14
Через несколько минут наша честная компания, подгоняемая неуёмным Никоновым, выехала на «Ландкрузере» директора к месту назначенной с тележурналистами встречи.
Пока машина летела сквозь ливень по городку и далее по береговому шоссе, гигантская стена плотины медленно и неуклонно поднималась над людьми, а когда мы ступили на каменную землю и задрали головы, она уже затмила половину неба.
— Голова кружится… — прошептала, улыбаясь, Татьяна Викторовна, еле удерживая над собой дергающийся красный зонтик. Галина Ивановна обняла подругу. Их юбки и кокетливо повязанные шарфики рвал сырой ветер.
Бледный, сутулый Хрустов держался в стороне. Он, как я понимаю, еще никак не мог опомниться после ошеломляющей новости о женитьбе сына, да на ком?.. На дочери Туровского.

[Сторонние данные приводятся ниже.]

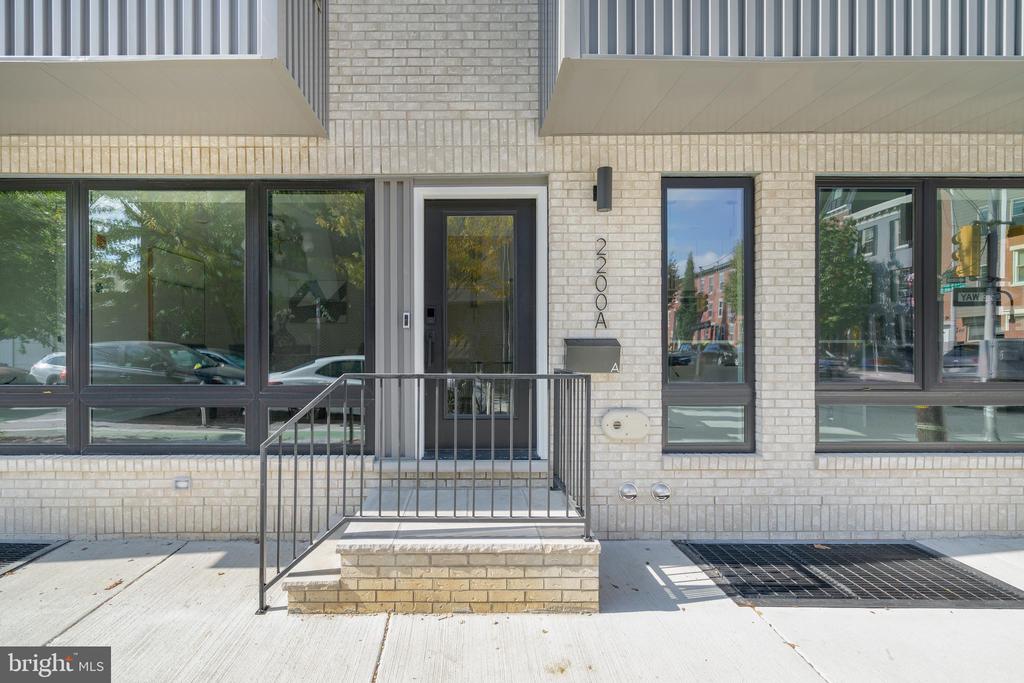 2200 CHRISTIAN STREET A1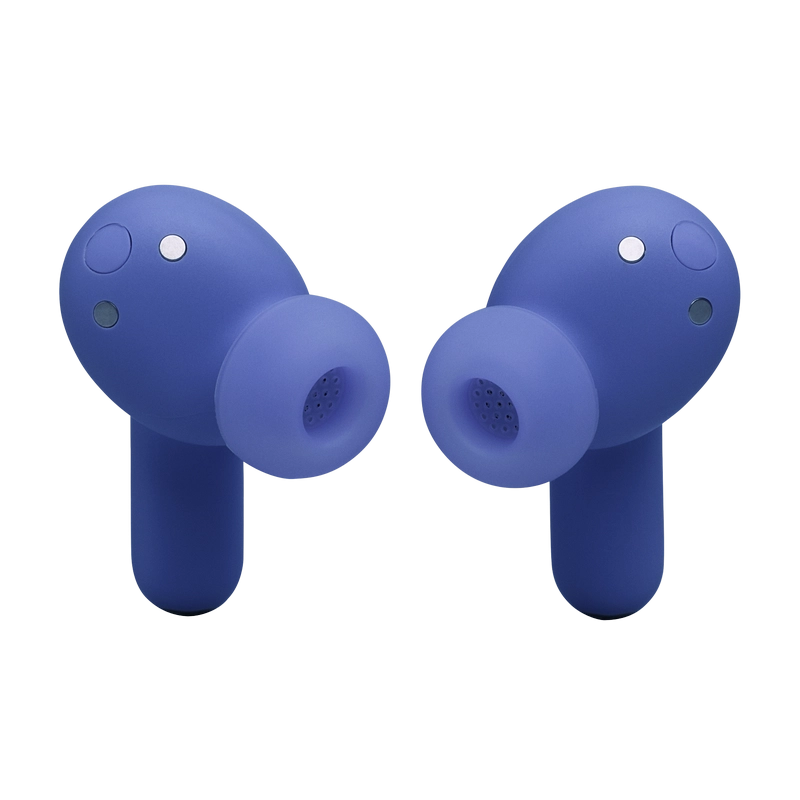 Căști Bluetooth JBL LIVE Beam 4 Albastru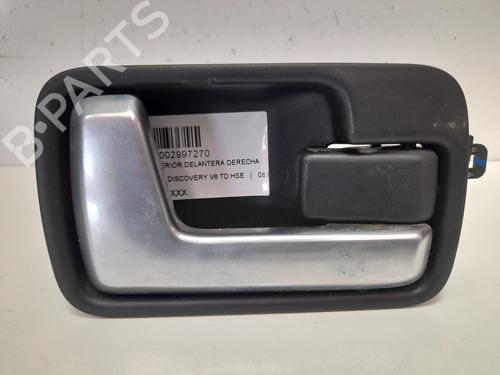 Used Front right interior door handle LAND ROVER DISCOVERY III (L319) 2.7 TD 4x4 (190 hp) 12785152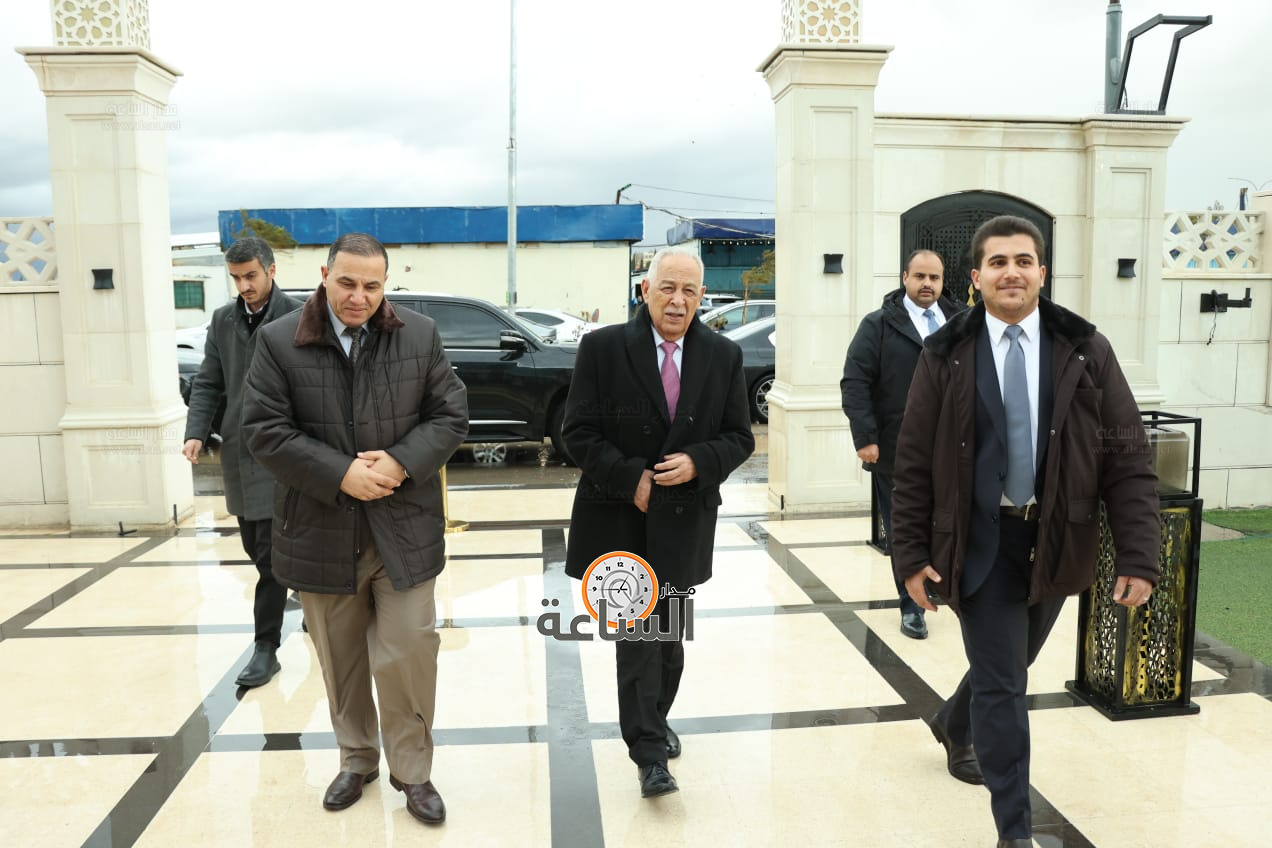 Madar Al-Saa Images 0.9905015687980556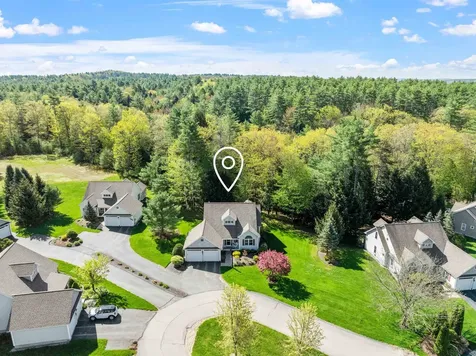 47 Misty Oak Drive Concord NH 03301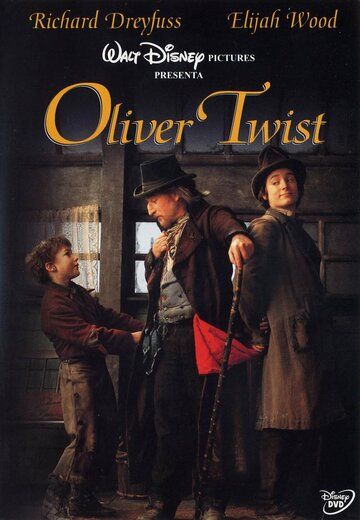 Оливер Твист / Oliver Twist (1997)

Между тем дождь ненадолго сбавил силу, тучи бежали рваные, но здесь, у бушующей воды, все равно было темно и знобко.
Берег, казалось, дрожит от торжествующего гула работающей реки.
К приехавшим приблизились что-то крича, с телекамерами, обмотанными прозрачной пленкой, бородатые, еврейского или грузинского вида молодые люди и девица в свитере и джинсах, с сигареткой в зубах. С ними был и низенький Туровский, он с улыбкой показал в сторону Никонова.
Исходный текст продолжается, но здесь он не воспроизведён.